▶ _What is required_
From the first line of the listing below through the line with "Vitamin B1 Thiamine", transcribe exactly and skip the pictures.

▶ _Given data_
Start of Block

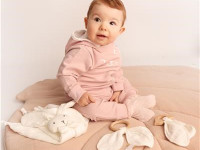 new baby 53877 Игровой коврик из муслина "Лист" бежевый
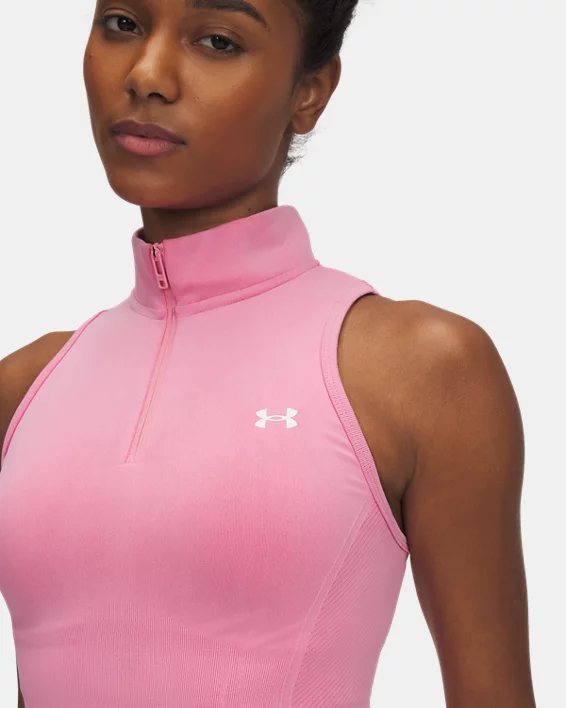 Under Armour Parte Superior Con Cremallera De Efecto Lavado Sin Costuras Ni Mangas UA Vanish Para Mujer  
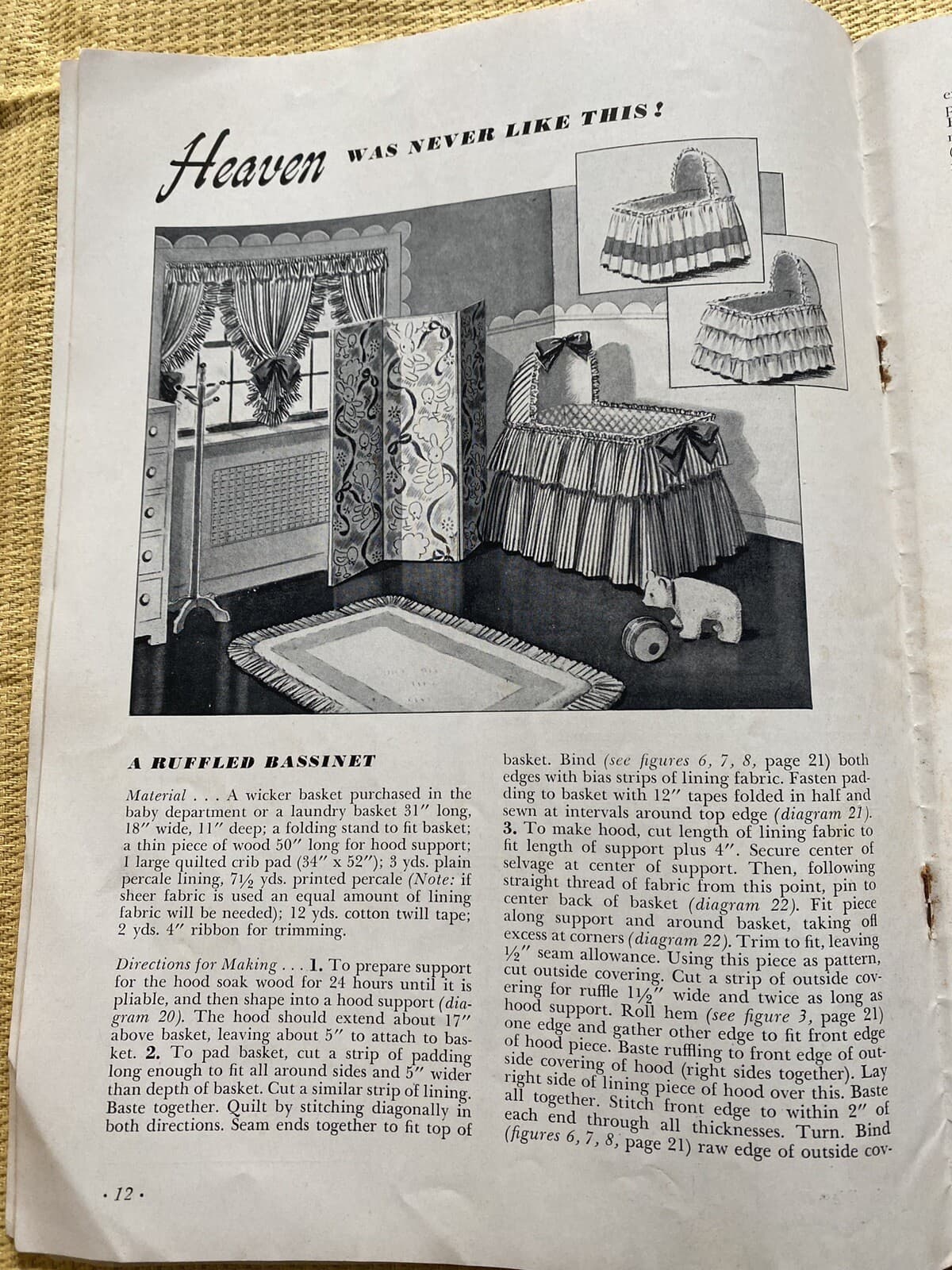 1943 Sewing for Babies Book No. S-12 Spool Cotton Co. Shirts Gowns Bibs Caps  5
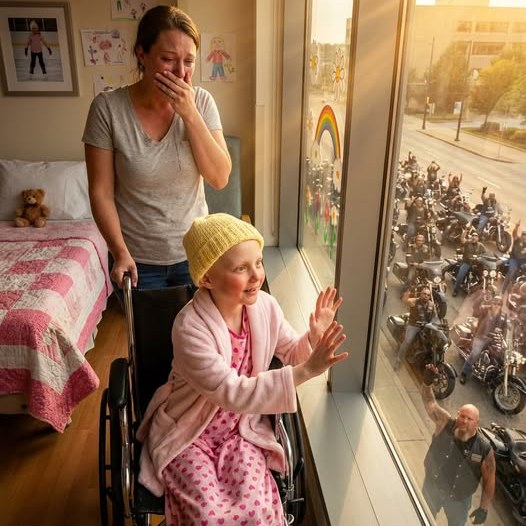 Egy 7 éves, kopasz kislány vajsárga kötött sapkában mindkét apró, sápadt tenyerét az akroni (Ohio) Akron Gyermekkórház negyedik emeleti ablakának üvegéhez simította egy tiszta, szeptemberi vasárnap délután, pontban 14:47-kor. Kicsiny homlokát a hűvös üvegnek döntötte, és integetett – lassan, óvatosan; egy olyan apró, egyszeri intéssel, amilyennel egy gyermek integet, ha már kilencvenegy napja nem volt kinek integetnie – egy harminc Harley-ból álló motoros csapatnak, amely négy emelettel lejjebb, a West Market utcán gurult észak felé.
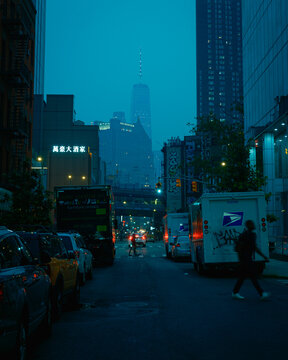 Division Street during blue hour in Chinatown, Manhattan, New York City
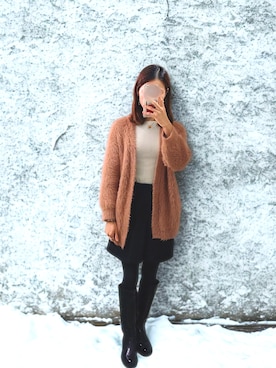 「HERMES（エルメス）のアイテム」を使った、福島めぐみ(meg)さん（レディース・165cm）の冬コーディネート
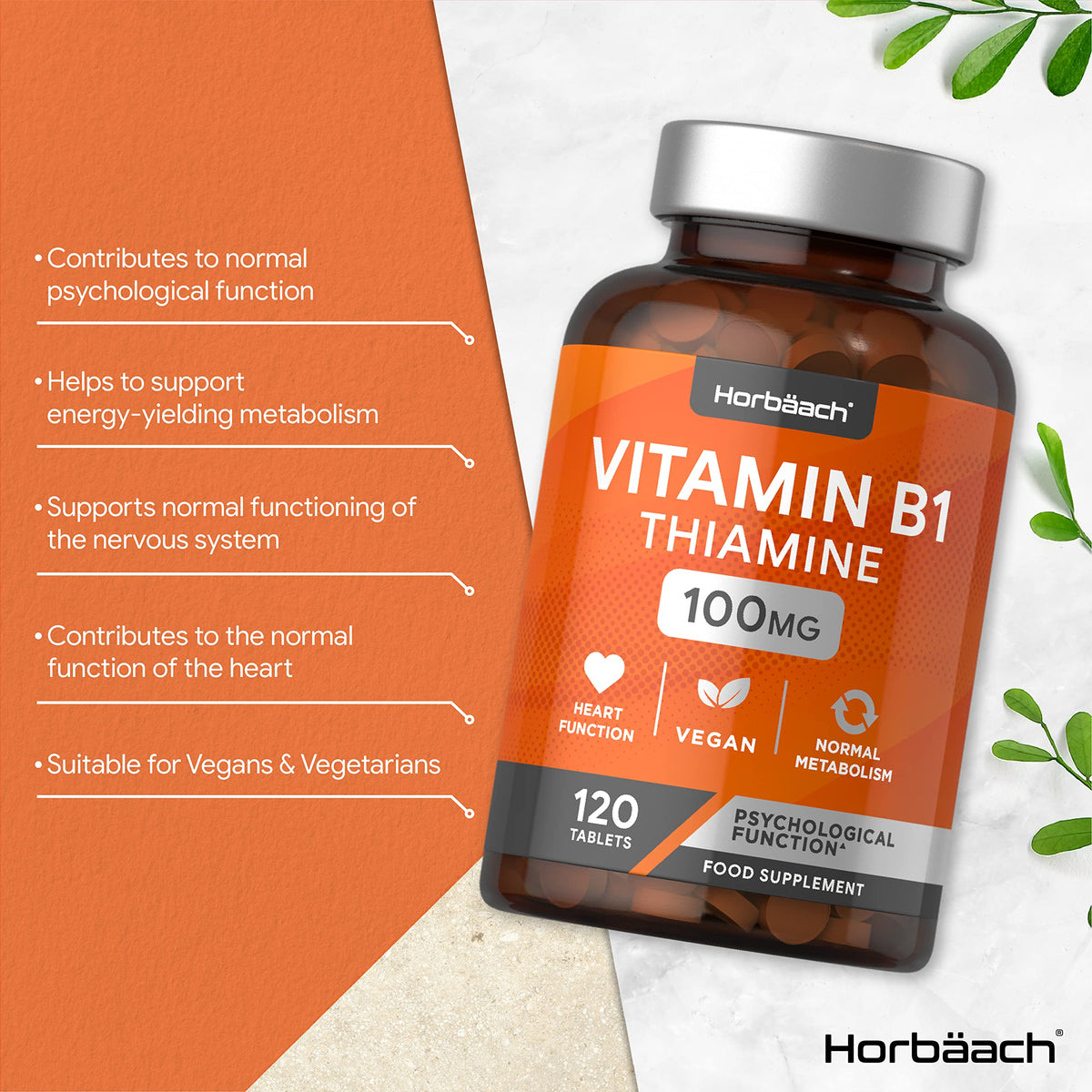Vitamin B1 Thiamine High Strength 100mg - 120 Vegan Tablets - No Artificial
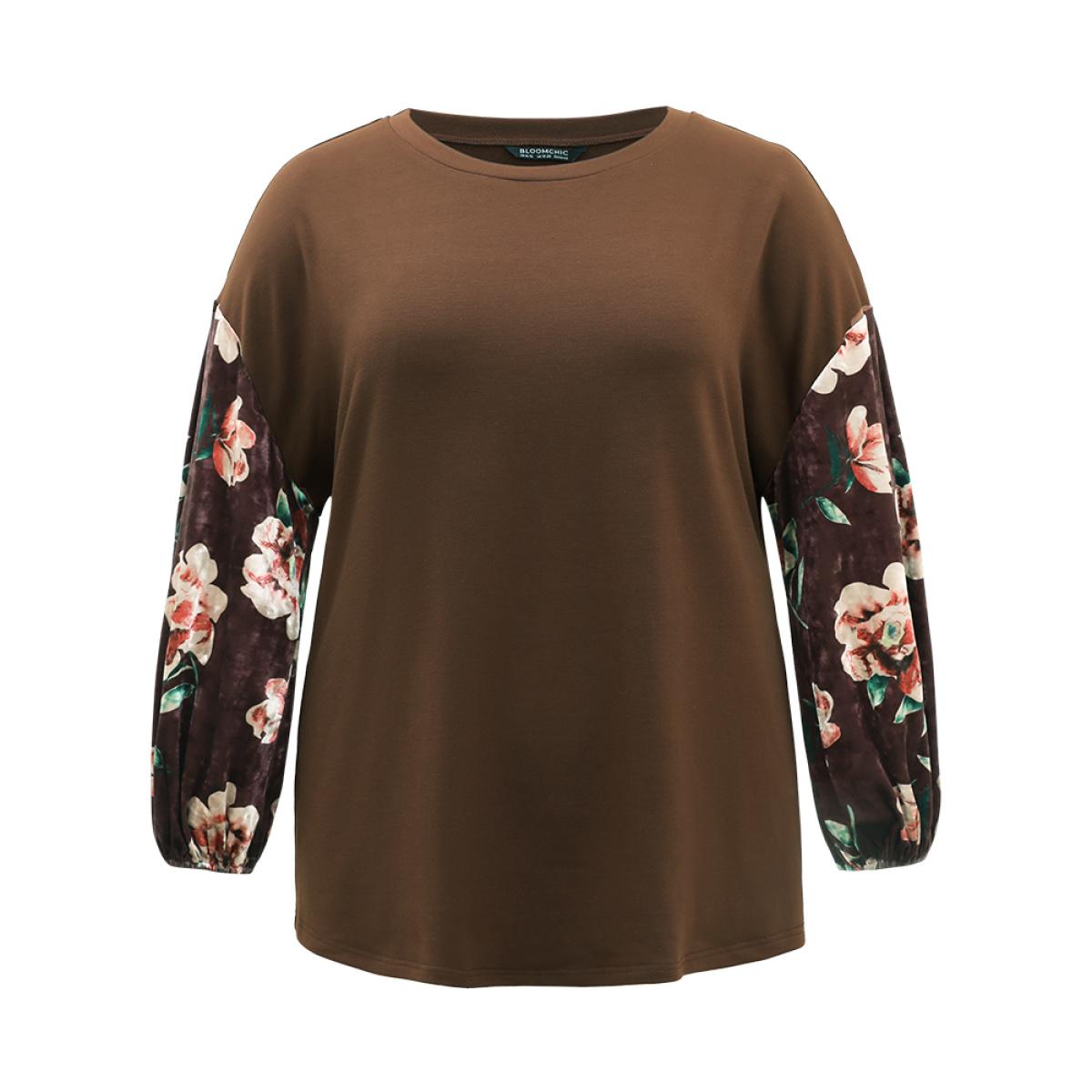 Plus Size Velvet Floral Print Patchwork Contrast Sweatshirt Women DarkBrown Casual Velvet Round Neck Dailywear Sweatshirts BloomChic 30/6X Product Image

End of Block

▶ _Reply to the exercise_
 new baby 53877 Игровой коврик из муслина "Лист" бежевый
 Under Armour Parte Superior Con Cremallera De Efecto Lavado Sin Costuras Ni Mangas UA Vanish Para Mujer  
 1943 Sewing for Babies Book No. S-12 Spool Cotton Co. Shirts Gowns Bibs Caps  5
 Egy 7 éves, kopasz kislány vajsárga kötött sapkában mindkét apró, sápadt tenyerét az akroni (Ohio) Akron Gyermekkórház negyedik emeleti ablakának üvegéhez simította egy tiszta, szeptemberi vasárnap délután, pontban 14:47-kor. Kicsiny homlokát a hűvös üvegnek döntötte, és integetett – lassan, óvatosan; egy olyan apró, egyszeri intéssel, amilyennel egy gyermek integet, ha már kilencvenegy napja nem volt kinek integetnie – egy harminc Harley-ból álló motoros csapatnak, amely négy emelettel lejjebb, a West Market utcán gurult észak felé.
 Division Street during blue hour in Chinatown, Manhattan, New York City
 「HERMES（エルメス）のアイテム」を使った、福島めぐみ(meg)さん（レディース・165cm）の冬コーディネート
Vitamin B1 Thiamine High Strength 100mg - 120 Vegan Tablets - No Artificial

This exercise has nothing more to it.